*** Opening Supplied entries ***

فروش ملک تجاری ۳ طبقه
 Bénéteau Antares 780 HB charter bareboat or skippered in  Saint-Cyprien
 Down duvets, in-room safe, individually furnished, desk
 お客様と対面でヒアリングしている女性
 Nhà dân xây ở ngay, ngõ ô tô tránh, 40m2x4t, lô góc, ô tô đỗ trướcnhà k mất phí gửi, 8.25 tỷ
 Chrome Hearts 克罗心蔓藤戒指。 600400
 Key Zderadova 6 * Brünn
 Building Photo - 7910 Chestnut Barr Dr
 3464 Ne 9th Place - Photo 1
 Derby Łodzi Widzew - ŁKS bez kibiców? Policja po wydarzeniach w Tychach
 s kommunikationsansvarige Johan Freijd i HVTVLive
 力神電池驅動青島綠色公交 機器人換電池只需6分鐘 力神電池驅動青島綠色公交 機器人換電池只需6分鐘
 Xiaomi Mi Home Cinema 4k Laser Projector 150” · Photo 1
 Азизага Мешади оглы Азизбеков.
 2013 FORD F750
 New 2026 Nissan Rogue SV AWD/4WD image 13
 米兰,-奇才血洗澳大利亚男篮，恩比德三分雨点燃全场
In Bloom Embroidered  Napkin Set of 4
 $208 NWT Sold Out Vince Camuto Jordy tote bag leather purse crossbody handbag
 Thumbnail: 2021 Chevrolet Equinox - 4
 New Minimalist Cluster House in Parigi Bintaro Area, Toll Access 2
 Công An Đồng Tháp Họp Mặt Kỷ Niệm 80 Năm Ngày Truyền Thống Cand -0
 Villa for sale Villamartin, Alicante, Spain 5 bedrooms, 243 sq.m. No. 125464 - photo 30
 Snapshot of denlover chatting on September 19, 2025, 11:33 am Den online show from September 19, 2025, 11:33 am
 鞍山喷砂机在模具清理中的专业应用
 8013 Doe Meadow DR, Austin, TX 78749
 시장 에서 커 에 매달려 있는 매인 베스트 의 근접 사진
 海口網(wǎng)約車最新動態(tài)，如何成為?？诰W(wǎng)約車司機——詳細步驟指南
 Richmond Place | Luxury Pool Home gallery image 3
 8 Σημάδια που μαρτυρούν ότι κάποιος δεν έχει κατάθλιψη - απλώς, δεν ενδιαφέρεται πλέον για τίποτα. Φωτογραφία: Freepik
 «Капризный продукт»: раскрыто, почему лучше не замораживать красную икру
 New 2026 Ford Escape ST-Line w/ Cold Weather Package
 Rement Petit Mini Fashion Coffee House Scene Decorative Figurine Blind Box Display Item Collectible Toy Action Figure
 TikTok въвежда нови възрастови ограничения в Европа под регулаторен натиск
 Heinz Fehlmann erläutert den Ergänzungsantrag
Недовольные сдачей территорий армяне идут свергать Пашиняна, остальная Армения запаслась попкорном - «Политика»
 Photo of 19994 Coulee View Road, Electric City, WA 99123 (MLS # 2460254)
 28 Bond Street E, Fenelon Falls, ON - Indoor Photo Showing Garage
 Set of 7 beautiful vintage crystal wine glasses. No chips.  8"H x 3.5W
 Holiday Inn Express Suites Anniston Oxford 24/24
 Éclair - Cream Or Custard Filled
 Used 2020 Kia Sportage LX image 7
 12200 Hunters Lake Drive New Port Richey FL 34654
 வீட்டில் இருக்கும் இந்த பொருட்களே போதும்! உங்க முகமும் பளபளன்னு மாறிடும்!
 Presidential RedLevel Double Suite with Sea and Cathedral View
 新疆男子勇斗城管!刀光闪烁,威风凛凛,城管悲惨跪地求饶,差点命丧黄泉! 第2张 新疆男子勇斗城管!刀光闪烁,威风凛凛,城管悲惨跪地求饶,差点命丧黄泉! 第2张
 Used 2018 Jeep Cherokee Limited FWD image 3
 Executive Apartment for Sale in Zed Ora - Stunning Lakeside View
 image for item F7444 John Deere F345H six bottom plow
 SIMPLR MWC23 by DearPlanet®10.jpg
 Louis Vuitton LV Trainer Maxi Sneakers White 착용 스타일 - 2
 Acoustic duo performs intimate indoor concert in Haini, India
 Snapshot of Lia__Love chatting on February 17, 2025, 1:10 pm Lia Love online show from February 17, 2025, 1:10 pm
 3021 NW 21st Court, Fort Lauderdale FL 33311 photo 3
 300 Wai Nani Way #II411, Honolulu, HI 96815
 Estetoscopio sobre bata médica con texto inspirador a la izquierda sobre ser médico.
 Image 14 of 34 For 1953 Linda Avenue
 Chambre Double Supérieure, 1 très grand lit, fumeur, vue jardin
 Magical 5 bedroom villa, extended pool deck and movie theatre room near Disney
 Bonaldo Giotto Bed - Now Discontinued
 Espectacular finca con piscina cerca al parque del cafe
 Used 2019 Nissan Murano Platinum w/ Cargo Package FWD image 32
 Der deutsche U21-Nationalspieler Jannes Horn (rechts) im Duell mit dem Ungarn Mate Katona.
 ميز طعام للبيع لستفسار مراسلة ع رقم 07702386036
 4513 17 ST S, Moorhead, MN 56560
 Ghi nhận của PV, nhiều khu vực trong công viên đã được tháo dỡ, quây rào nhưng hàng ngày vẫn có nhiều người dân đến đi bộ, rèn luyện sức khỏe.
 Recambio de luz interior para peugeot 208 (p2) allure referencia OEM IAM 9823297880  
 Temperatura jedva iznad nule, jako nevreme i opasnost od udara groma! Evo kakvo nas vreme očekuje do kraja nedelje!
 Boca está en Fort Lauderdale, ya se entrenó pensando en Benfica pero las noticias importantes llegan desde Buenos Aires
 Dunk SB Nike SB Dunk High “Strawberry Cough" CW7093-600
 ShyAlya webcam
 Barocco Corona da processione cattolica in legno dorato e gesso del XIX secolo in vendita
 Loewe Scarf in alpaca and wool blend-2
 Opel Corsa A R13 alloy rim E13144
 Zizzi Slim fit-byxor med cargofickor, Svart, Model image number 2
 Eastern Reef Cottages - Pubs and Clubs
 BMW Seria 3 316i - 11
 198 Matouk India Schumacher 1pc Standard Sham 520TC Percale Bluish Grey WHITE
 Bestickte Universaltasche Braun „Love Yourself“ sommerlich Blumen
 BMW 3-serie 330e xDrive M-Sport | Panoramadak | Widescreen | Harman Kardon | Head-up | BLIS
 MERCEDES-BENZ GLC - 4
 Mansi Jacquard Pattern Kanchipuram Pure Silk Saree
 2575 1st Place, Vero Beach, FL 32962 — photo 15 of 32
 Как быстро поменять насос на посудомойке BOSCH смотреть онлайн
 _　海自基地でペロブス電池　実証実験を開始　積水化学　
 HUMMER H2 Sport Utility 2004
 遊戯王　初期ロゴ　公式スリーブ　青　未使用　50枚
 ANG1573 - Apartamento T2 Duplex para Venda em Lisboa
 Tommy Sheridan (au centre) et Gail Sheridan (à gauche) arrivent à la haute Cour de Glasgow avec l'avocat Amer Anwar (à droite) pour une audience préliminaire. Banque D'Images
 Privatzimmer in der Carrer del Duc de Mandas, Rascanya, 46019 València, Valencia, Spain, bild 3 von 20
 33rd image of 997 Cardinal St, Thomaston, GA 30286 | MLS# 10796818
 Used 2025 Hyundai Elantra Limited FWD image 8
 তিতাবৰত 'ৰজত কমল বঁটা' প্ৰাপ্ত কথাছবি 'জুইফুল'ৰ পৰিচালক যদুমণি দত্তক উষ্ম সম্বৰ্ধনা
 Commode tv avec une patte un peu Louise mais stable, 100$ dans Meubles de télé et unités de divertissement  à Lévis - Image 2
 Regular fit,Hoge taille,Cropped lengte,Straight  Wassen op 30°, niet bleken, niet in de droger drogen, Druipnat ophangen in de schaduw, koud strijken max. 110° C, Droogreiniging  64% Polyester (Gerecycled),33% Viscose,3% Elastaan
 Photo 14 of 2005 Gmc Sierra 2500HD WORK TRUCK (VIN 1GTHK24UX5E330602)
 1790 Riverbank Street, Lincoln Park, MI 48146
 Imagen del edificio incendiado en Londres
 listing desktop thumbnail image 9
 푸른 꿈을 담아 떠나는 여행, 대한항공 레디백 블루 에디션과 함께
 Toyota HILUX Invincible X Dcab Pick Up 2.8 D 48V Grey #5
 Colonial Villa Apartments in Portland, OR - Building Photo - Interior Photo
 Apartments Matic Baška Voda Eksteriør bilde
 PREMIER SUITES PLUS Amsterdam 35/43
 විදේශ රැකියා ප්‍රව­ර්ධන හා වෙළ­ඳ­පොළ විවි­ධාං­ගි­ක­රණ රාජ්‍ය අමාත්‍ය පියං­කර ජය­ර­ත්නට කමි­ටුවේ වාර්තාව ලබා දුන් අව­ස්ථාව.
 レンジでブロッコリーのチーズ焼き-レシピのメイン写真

*** Closing Supplied entries ***

What you will do: Repeat, word for word, the lines above between the line holding "Dunk SB Nike" and the line holding "BMW Seria 3 316i - 11", inclusive; omit everything else.

Response below:
 Dunk SB Nike SB Dunk High “Strawberry Cough" CW7093-600
 ShyAlya webcam
 Barocco Corona da processione cattolica in legno dorato e gesso del XIX secolo in vendita
 Loewe Scarf in alpaca and wool blend-2
 Opel Corsa A R13 alloy rim E13144
 Zizzi Slim fit-byxor med cargofickor, Svart, Model image number 2
 Eastern Reef Cottages - Pubs and Clubs
 BMW Seria 3 316i - 11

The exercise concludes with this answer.